After running as the only GOP candidate for months, Sears earned herself two right-wing challengers in former delegate Dave LaRock who is “promising to take a buzz saw to Virginia’s government a la Elon Musk’s U.S. DOGE Service” and former state senator Amanda Chase who is running as the self-anointed “‘Trump in heels.’”

Read More About Virginia’s GOP Primary for Governor Being a Far-Right, MAGA Loyalty Test:

  • But Lt. Gov. Winsome Earle-Sears (R) has at least two challengers from the right for the GOP gubernatorial nomination, and all of them are elbowing one another to strike the most pro-Trump pose.
  • Meanwhile, former GOP delegate Dave LaRock (Loudoun) is running against her for the nomination by promising to take a buzz saw to Virginia’s government a la Elon Musk’s U.S. DOGE Service, and former GOP state senator Amanda Chase (Chesterfield) is mounting a challenge as the self-anointed “Trump in heels.”
  • “Logically, it makes little sense,” said Mark Rozell, dean of the Schar School of Policy and Government at George Mason University. “This is their own constituents and people are mad, and trying to find some middle path just isn’t working. … Following Trump is clearly not the path to success in Virginia.”
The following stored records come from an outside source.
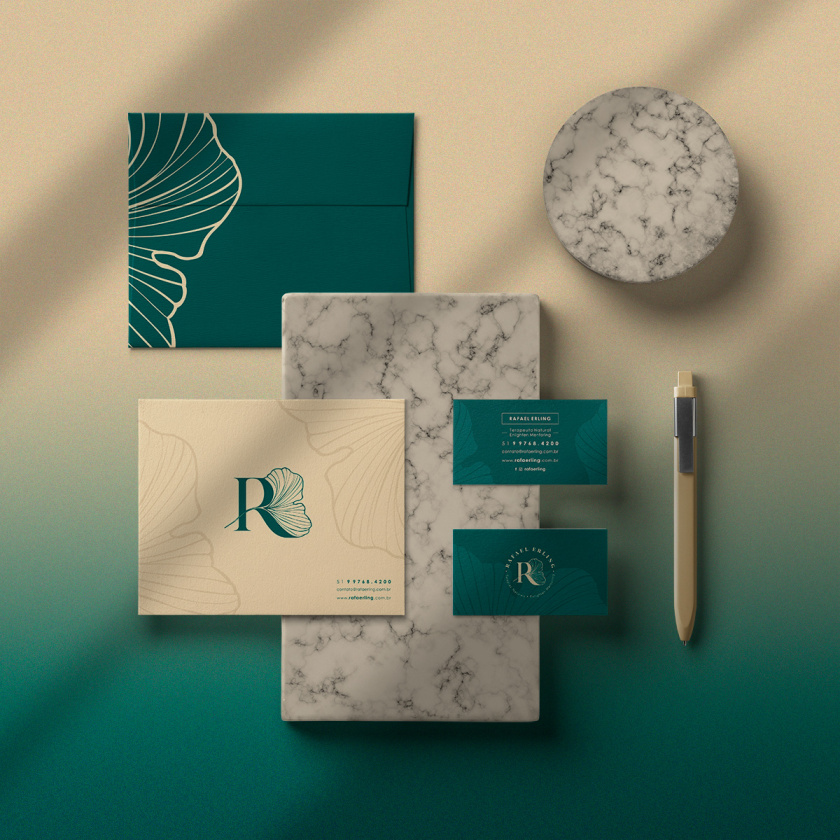 Rafael Erling 醫(yī)療醫(yī)藥保健品公司logo設(shè)計(jì)vi設(shè)計(jì)“銀杏葉+字母R”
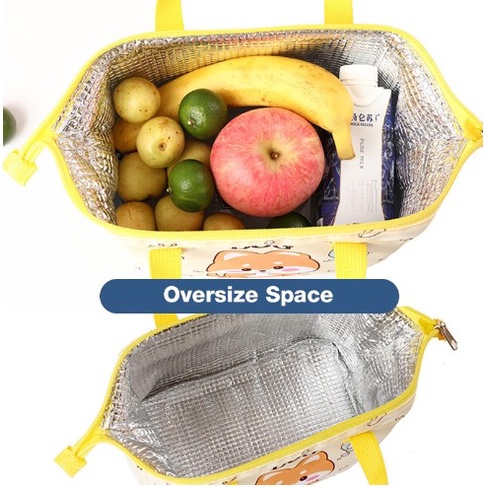 Túi Đựng Hộp Cơm Trưa Lót Giấy Nhôm Dày Dặn Giữ Nhiệt Chống Thấm Nước Họa Tiết Phi Hành Gia Hoạt Hình Dễ Thương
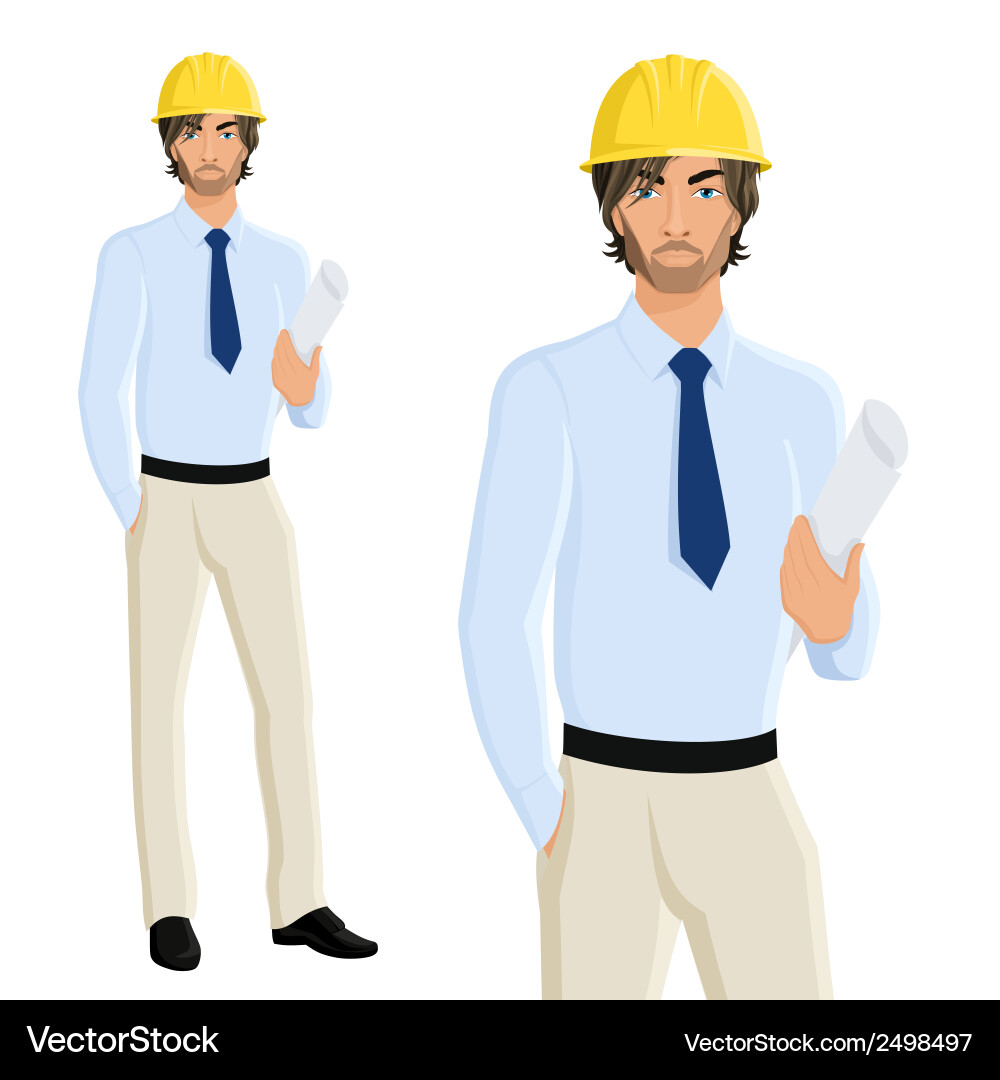 Man in Helmet with Blueprint vector image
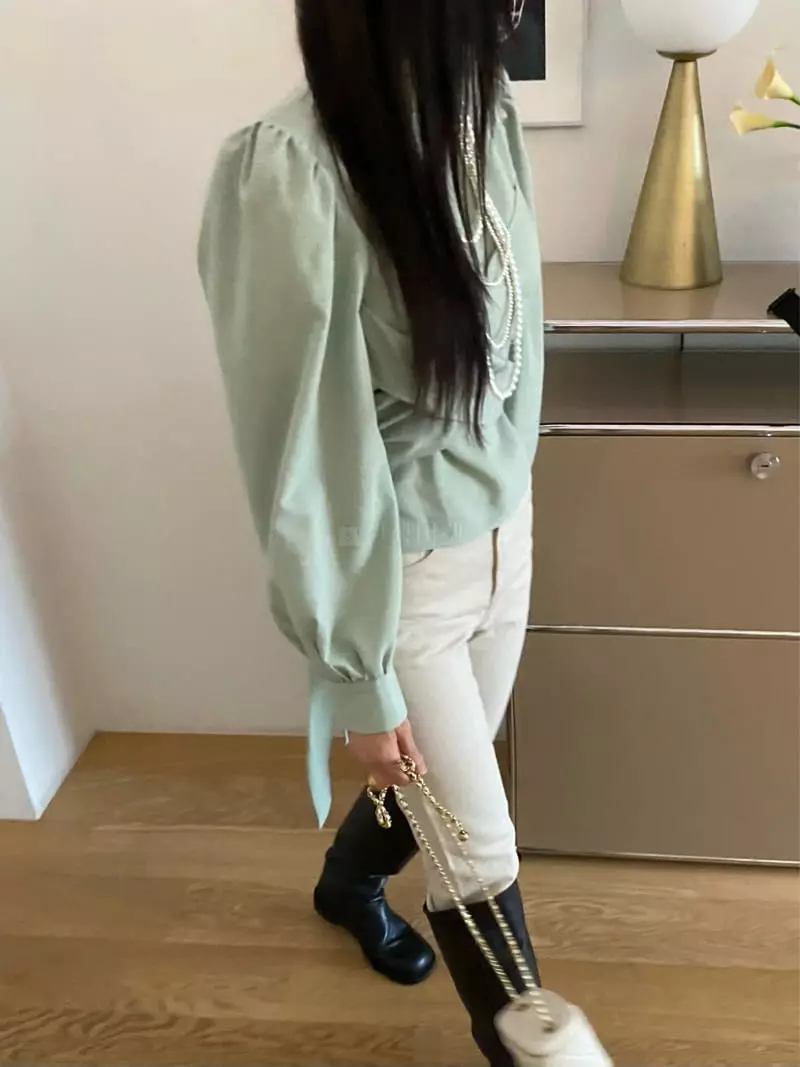Duplo - Korean Women Fashion - #womensfashion - Puff Wrap Shirring Blouse - 3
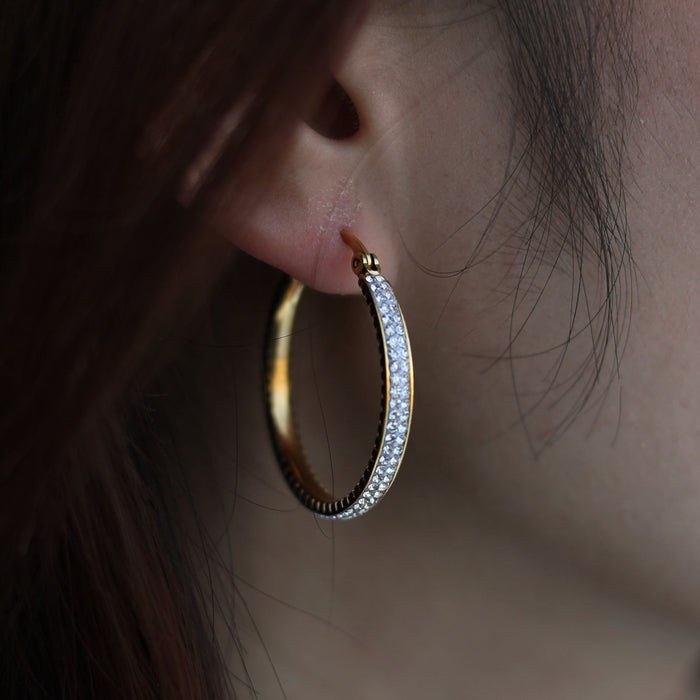 YARA Pavé Hoop Earrings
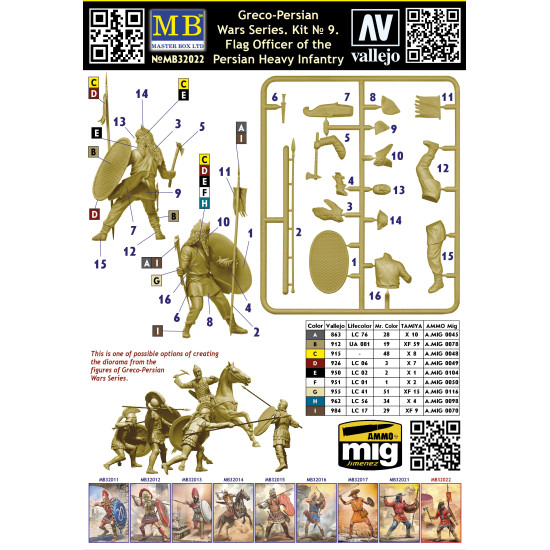 Master Box 32022 1/32 Greco-persian Wars Series Flag Officer Of The Persian Heavy Infantry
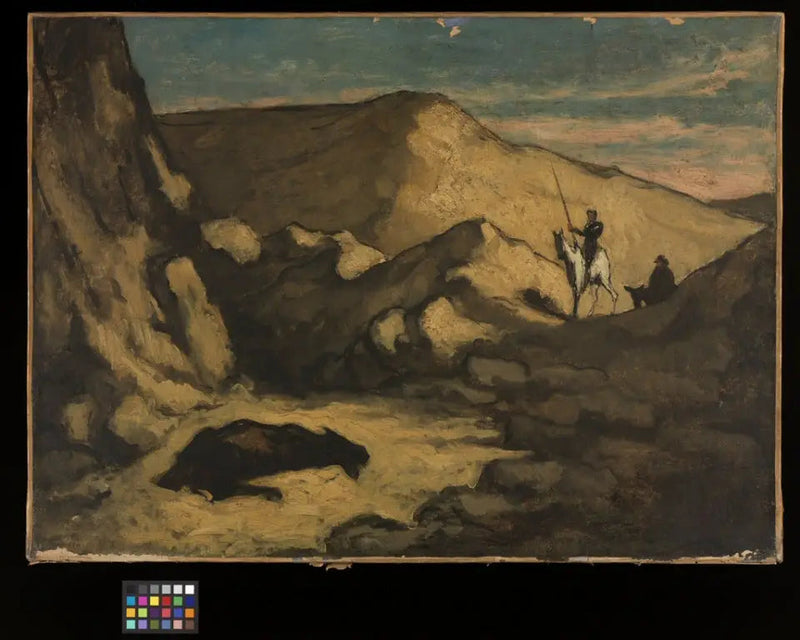 Landskab med Don Quichotte og den døde muldyr - Honoré Daumier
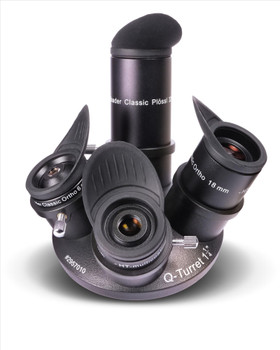 Baader Classic Q-Eyepiece Set - Classic Orthos 6,10,18mm / Plossl 32mm (incl winged eyecups), 2.25X Q-Barlow, Q-Turret quad eyepiece revolver, Baader Astro Box #1 (M31)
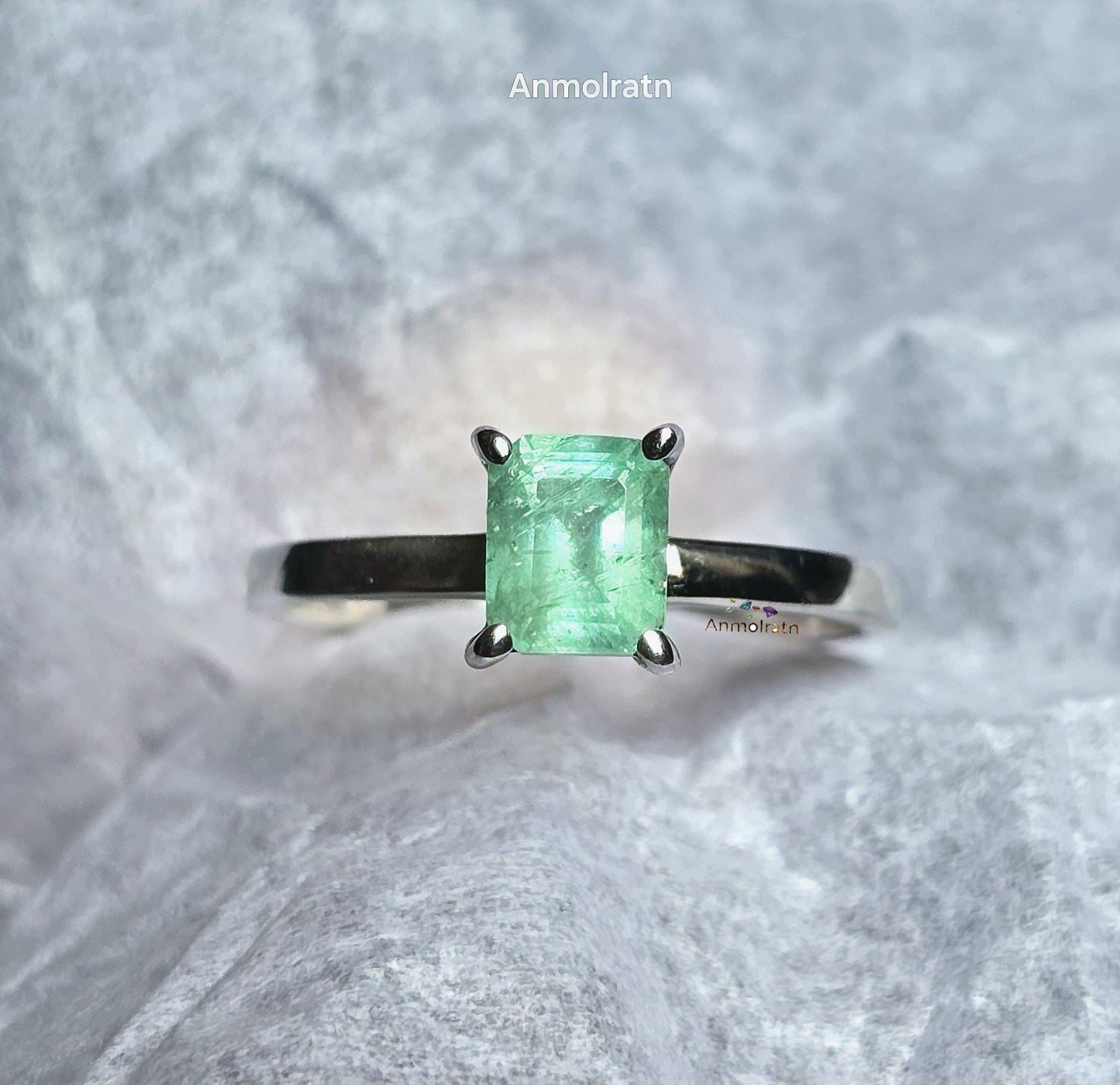 Emerald Octagon Solitaire Ring, Certified Emerald Cut Octagon Emerald Colombian Dainty Birthstone Ring For Women, Tiny Bright Emerald Ring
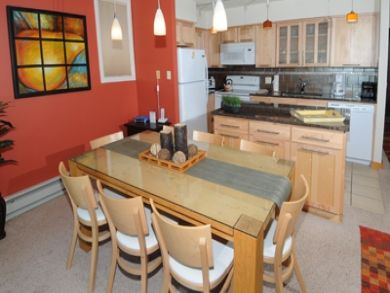 Dining area seats eight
  • This year, Democrats have repeatedly highlighted the potential danger Trump’s policies hold for the Virginia economy…
  • Yet some Virginia Republicans are clearly on edge about the cuts.
  • Rep. Jen Kiggans (R-Virginia), who represents a military-heavy swing district anchored in Virginia Beach, wrote to Defense Secretary Pete Hegseth on March 3 to “express concern” over plans to reduce the Defense Department’s civilian workforce by 5 to 8 percent — reductions, she wrote, that would have a “significant impact … on both national security and the veterans who reside in my district.”
  • More than 320,000 Virginia residents, or 10 percent of the state’s overall workforce, are full-time civil service employees according to statistics from the Metropolitan Washington Council of Governments.
  • Bill Bolling, a Republican and former Virginia lieutenant governor, has been supportive of Trump in some areas but expressed concern about his tariff policies on Facebook on March 4.
  • “At a time when inflation remains our major domestic economic challenge, tariffs will only drive up prices for American consumers and make inflation worse,” he wrote. “President Trump was elected in large part to get our economy growing again. This will not help.”
  • Earle-Sears supported Trump in 2016 and traveled the country to promote his reelection in 2020, but in 2022 she said he had become a liability for the party after candidates he endorsed in congressional midterms underperformed.
  • She got on board with Trump’s 2024 campaign after he survived an assassination attempt.
  • But with the Republican gubernatorial candidates headed toward a June primary, they can’t afford to alienate the MAGA base of the party — those who are most likely both to vote and to turn against a candidate not sufficiently Trump-y.